How do we shift that mindset? How do we have that adaptive response? Is the game changer in terms of having a more higher level response as compared to going into the amygdala hijack and having the acute stress response or chronic stress in this situation. Yeah.

SPEAKER_01

And we can use things like emotional and social intelligence as levers. We don't have to be on our own. We can find help, we can find support.

SPEAKER_02

Very, very important to have that, to have also that knowing and understanding that we don't have to do this on our own. Yeah. And there are many other situations, many other people, many other people in these kind of situations. And being open to find the right kind of support along with this helps us to develop a resilience.
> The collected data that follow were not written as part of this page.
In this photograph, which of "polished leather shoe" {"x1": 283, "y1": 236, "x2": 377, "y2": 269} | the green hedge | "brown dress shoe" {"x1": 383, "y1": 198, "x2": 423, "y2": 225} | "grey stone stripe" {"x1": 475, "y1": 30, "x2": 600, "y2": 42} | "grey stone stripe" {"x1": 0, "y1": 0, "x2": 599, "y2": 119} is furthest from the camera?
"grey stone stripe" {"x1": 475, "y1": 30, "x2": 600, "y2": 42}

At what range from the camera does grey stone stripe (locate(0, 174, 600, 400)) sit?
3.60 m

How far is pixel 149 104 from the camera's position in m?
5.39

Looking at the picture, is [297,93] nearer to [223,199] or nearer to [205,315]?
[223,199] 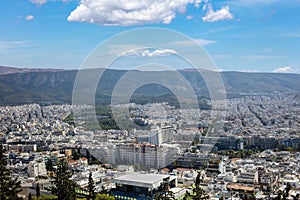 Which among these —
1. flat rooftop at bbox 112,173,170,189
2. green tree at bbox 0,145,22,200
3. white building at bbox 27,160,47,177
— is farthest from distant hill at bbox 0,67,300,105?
green tree at bbox 0,145,22,200

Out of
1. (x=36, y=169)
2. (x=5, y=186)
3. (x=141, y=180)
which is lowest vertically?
(x=36, y=169)

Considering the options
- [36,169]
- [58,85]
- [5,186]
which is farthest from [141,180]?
[58,85]

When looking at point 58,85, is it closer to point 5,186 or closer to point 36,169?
point 36,169

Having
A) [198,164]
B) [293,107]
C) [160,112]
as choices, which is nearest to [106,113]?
[160,112]

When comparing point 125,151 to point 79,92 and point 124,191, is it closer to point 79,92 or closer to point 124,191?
point 124,191

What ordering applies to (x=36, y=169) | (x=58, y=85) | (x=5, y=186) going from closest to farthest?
(x=5, y=186) → (x=36, y=169) → (x=58, y=85)

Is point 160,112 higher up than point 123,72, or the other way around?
point 123,72

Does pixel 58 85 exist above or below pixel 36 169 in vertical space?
above

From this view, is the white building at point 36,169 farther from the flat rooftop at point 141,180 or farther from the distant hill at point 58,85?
the distant hill at point 58,85

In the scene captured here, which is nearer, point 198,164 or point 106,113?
point 106,113

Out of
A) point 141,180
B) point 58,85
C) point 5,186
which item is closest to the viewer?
point 5,186

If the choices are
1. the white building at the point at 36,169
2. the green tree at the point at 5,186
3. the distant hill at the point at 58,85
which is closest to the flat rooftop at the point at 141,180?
Result: the green tree at the point at 5,186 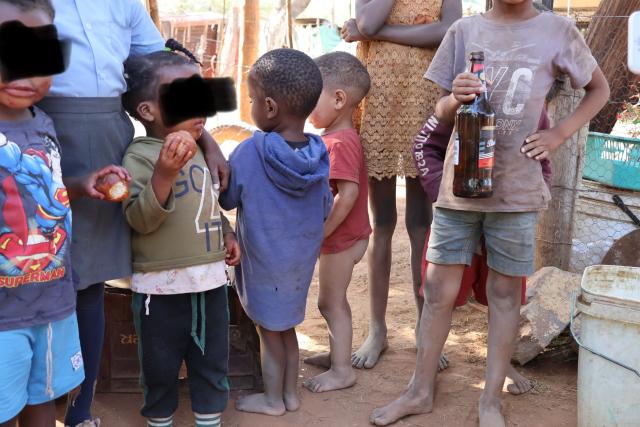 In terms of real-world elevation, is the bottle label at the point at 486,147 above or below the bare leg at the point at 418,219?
above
And as I told you in the beginning, all these skills, whether it is emotional intelligence, social intelligence, adaptive response, they are all interlinked. Yeah. Part of the bigger ecosystem, but helping us like a rope. You see, the if there is a thick rope, how many strings come, but they're more intertwined with each other, they create a strong rope which cannot be broken. But if there is a single piece of string, it's easy to break with if there is a tension placed on that. But if there's a thick rope with a lot of strings intertwined, it's much, much more difficult and much harder and much more resilient. Yeah.

SPEAKER_01

So we're pulling every strand together, we're avoiding that binary thinking, we're avoiding looking at things as good or bad. We're looking for a sort of diverse kind of thinking, aren't we? Yes, absolutely. Yeah.

SPEAKER_02

Yeah. Well, thank you for sharing your insights, Punella. That was really uh inspiring discussion. Yes. And certainly something has very deeply affected my life and inspired me with the work. And it is something which, even in the most challenging situation, can give us hope and meaning.

SPEAKER_01

Absolutely. And I know, Ash, if you don't mind me saying from knowing you for seven years professionally, that you've lived this and you know what you're talking about.

SPEAKER_02

Well, thank you. The proof is in the pudding. Absolutely. I'm sitting in front of you, I'm I'm alive, I'm kicking, I'm thriving. Yeah, and you've just written two books. And published two books, and hopefully another four next year. Yeah. So uh no, I thank you for acknowledging that. I'm very grateful for your support. And together we thrive. Together we thrive. Together we thrive.